There are two ways of seeing a call for drone strikes to be turned over to the US military, rather than the CIA. One is fundamentally grounded in the binary that all uses of force must be
either law enforcement or else armed conflict - and if so, there is no room for the CIA to be conducting these strikes. In that case case, the call to take the CIA out of it is a way of reasserting the basic binary. This is problematic from the US standpoint, if it is a way of reasserting this fundamental binary, since the Legal Adviser's ASIL speech specifically preserves an independent ground of self-defense that is not a matter of armed conflict. If CIA participation is unlawful because the binary holds, then the US has simply rejected the underlying premise - indeed, said that it has never accepted it, going back clear to the 1980s and beyond.
The other way to see a call to take the CIA out of the activity is on the ground that because this is an armed conflict, uses of force must be undertaken by lawful participants, and the CIA, as a civilian agency, is not a lawful participant. Insofar as this is offered as something that is not driven by the fundamental binary above, then it is essentially a claim about the CIA not meeting the requirements lawfully to engage in hostilities - some version of the claim that the war with Al Qaeda is an armed conflict, and the CIA are not privileged combatants. This is a technically more complicated claim in the rules of war than much of the public discussion has treated it. Much of the public discussion seems to revolve around the idea that if you are a civilian, you are not allowed to take part in hostilities; the legal point, rather, is that there are numerous categories of civilians that have varying roles in direct participation in hostilities and the point is not to say that their participation is unlawful, it is that - if they were facing a lawful foe - they are themselves lawful targets. Whether they wear uniforms or not is a question of whether the circumstances in which they wear uniforms, or non-standard uniforms (e.g., special forces in Afghanistan), etc., is a question of whether they fail to distinguish themselves from the non-combatants. Insofar as they do this from Langely in some cubicle, that does not really present a problem.

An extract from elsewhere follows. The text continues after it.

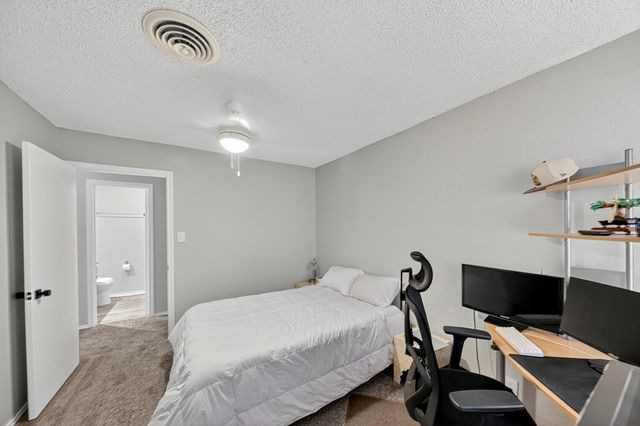 1202 W Scharbauer Dr, Midland, TX 79705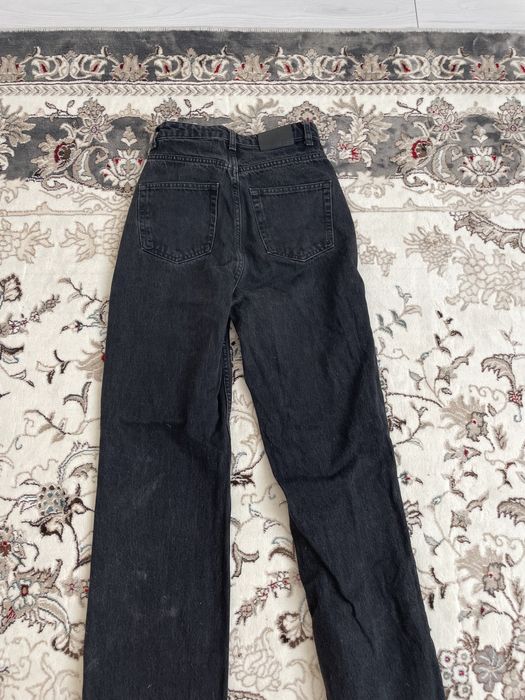 Джинсы красивые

As to the assertion that they have made themselves lawful targets - that would be true if engaged with a foe that could lawfully target anything. In the case of a terrorist group - Al Qaeda, the IRA, ETA, etc., the automatic assumption that military lawyers sometimes make, that jus ad bellum and jus in bello are independent, is beside the point; these groups have no reciprocal right to target anything, irrespective of whether, in a lawful conflict, something or someone would be a target. It is not the case that by flying a drone from Langley, the CIA operator is now a lawful target - he or she
would be if flying it in a conflict with, oh, North Korea, but not Al Qaeda. Al Qaeda has no belligerency rights jus ad bellum, just as it has no combatant privilege jus in bello. To suggest that the CIA at Langley has put itself into an "equivalent" position is not correct. If the CIA at Langley were fighting a lawful actor, its participants would be lawful targets - although not, merely in virtue of not wearing uniforms inside Langley, "unlawful combatants." But not as regards Al Qaeda.